Heritage Centre Brings New Stories to Life with New Exhibits
06 September 2019
Omaka Aviation Heritage Centre Brings New Stories to Life with New Exhibits
Dangerous Skies WWII exhibition re-opens Friday, 13 September
Dangerous Skies, the World War II exhibition at the Omaka Aviation Heritage Centre (OAHC) is fast approaching its re-opening to the public as a team of talented volunteers and professionals work to bring new and inspirational stories of pilots and their machines to life.
Jane Orphan, Omaka AHC director said “When we were faced with the challenge of remodelling Dangerous Skies, we had the advantage of fabulous aircraft to work with and some inspiring individual stories to tell. We always like to provide a context and that demands some special skills from our creative crew. They certainly delivered!”

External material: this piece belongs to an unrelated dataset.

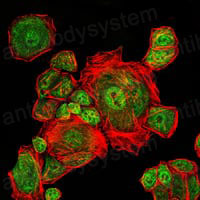 Anti-CDK1 Antibody (R2Z73)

The main exhibition area now holds two additional aircraft, both originals and never seen before in Dangerous Skies. The first a Messerschmitt Bf108 once owned and flown by a German ace and the second a Lockheed Hudson, an American-built light bomber and coastal reconnaissance aircraft which has been suspended in a dramatic crash scene in the depths of a Pacific island jungle. Other spaces have been reconfigured to better highlight the incredible stories of WW2 and to increase visitor engagement.
The refresh of the Dangerous Skies exhibition represents the OAHC’s commitment not just to preserve significant aircraft and memorabilia but to continually evolve and attract new generations to the museum. Story telling is the key to realising OAHC’s mission to establish a permanent ‘living’ centre of aviation heritage, which will fascinate, educate and inspire visitors of all ages. The new displays are another small but significant step towards the planned multi-stage development of Marlborough’s single most visited attraction.

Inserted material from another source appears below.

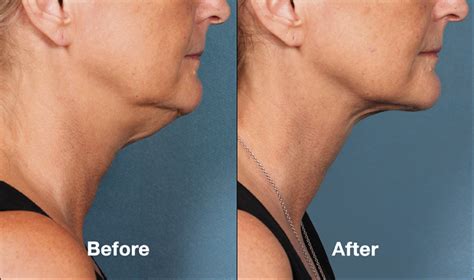 The Importance Of Neck Lift Without Surgery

About Omaka Aviation Heritage Centre
Established to provide a world-class destination for the appreciation of historic aircraft, the Omaka AHC opened in 2006 with the Knights of the Sky exhibition, featuring Sir Peter Jackson’s extensive Great War collection of aircraft and rare memorabilia. The calibre of the displays, enhanced by Weta Workshop’s mannequins and sets produced by WingNut Films, launched the Centre to international acclaim. Dangerous Skies, the WWII exhibition opened in 2016 and was designed and built in the same life-like style by the Omaka creative team including the exciting and thought-provoking multi-media ‘Stalingrad Experience’.